Top of Records provided

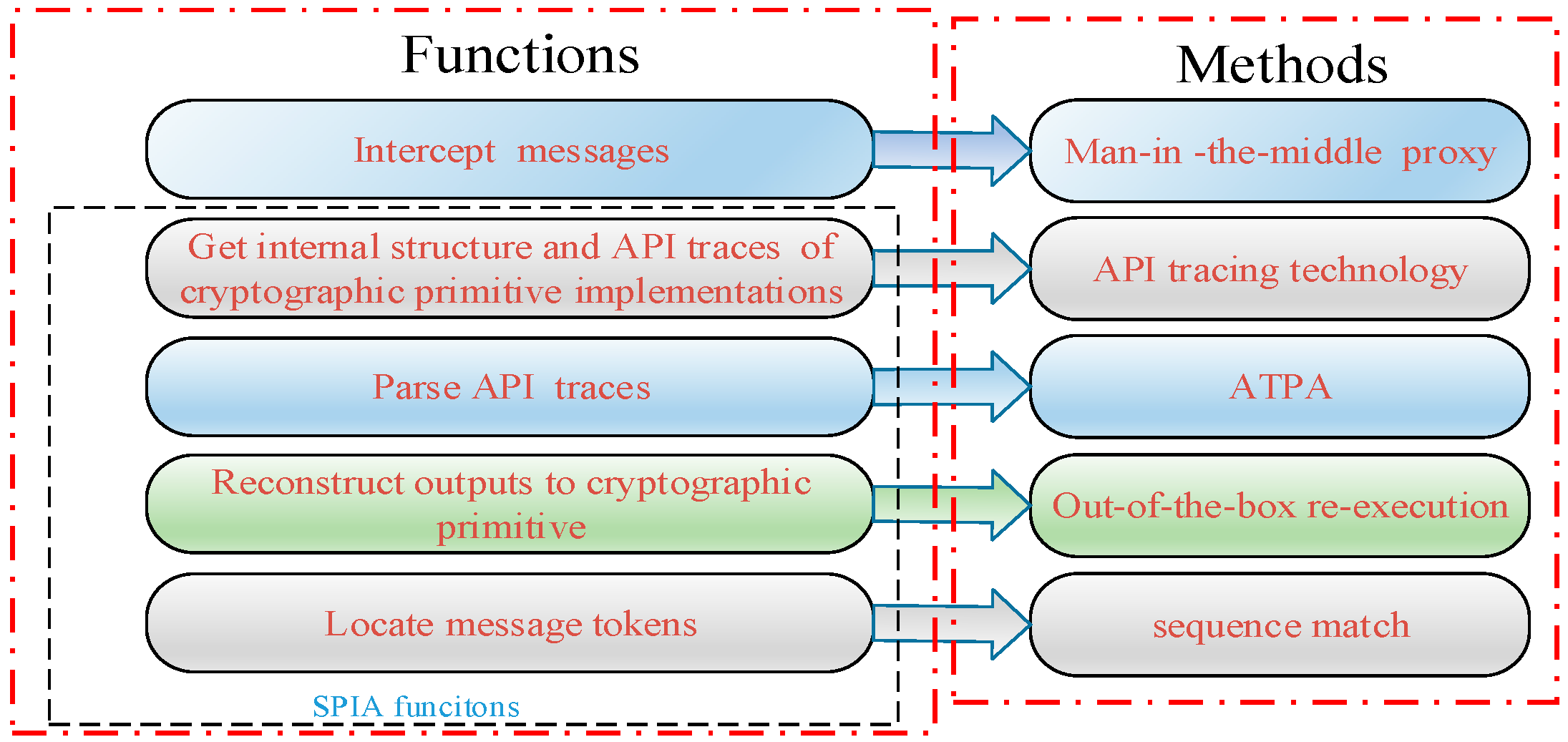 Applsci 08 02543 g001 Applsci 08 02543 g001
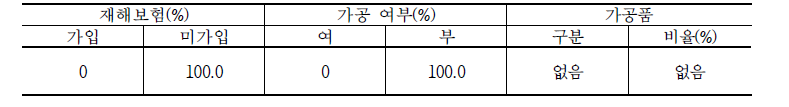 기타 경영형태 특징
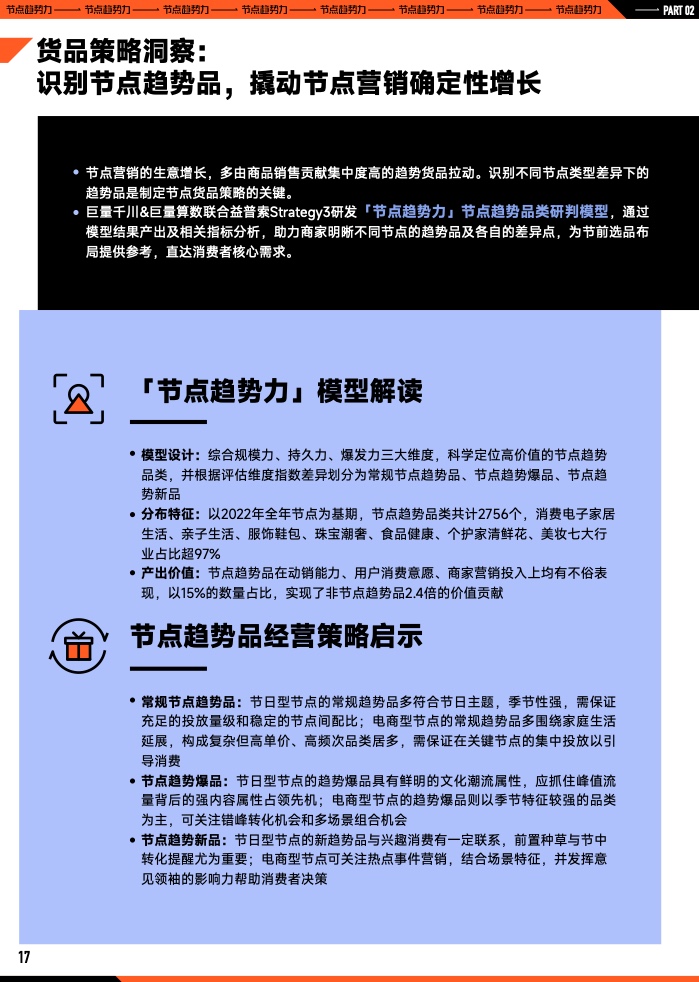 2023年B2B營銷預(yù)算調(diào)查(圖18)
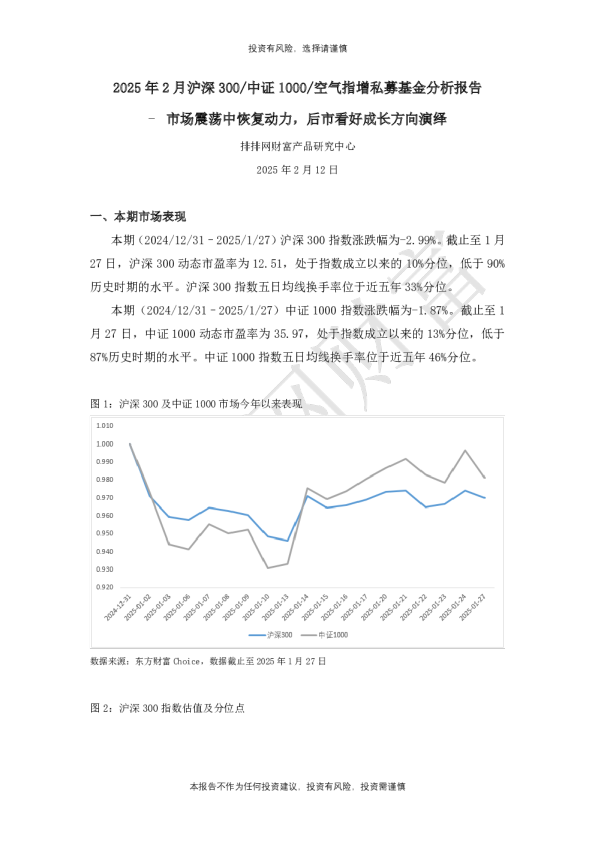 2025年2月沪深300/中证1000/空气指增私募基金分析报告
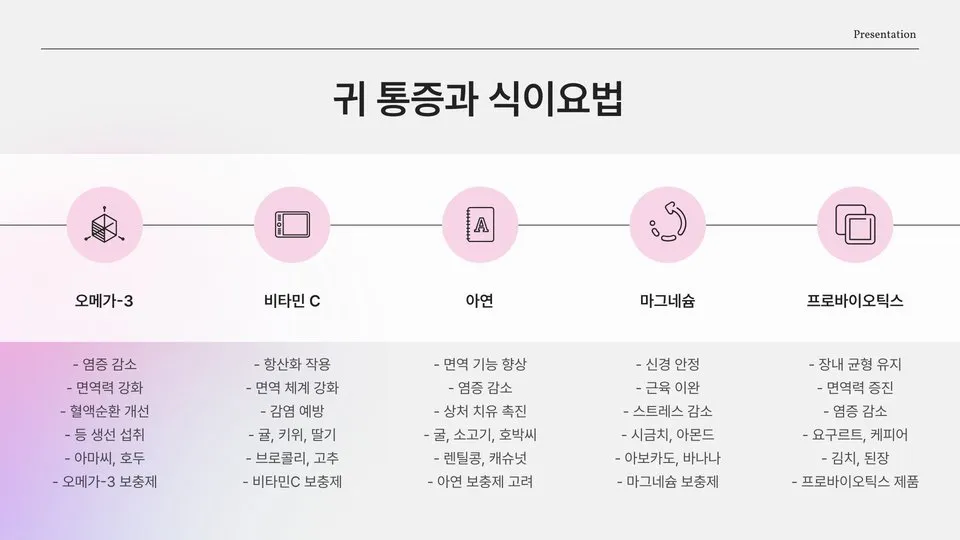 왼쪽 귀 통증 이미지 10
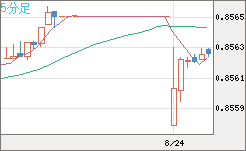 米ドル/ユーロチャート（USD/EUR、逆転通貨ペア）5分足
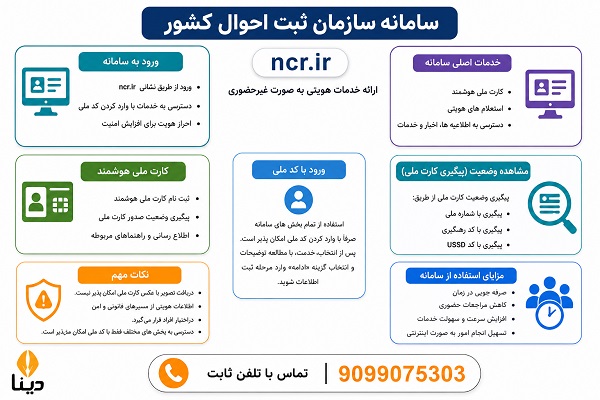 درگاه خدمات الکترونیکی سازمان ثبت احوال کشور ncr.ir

Bottom of Records provided

**Problem to work on:**
Copy the lines of the records, beginning where the line containing "왼쪽 귀 통증 이미지 10" appears and continuing through the final line, exactly and with no pictures.

**Task solution:**
 왼쪽 귀 통증 이미지 10
 米ドル/ユーロチャート（USD/EUR、逆転通貨ペア）5分足
 درگاه خدمات الکترونیکی سازمان ثبت احوال کشور ncr.ir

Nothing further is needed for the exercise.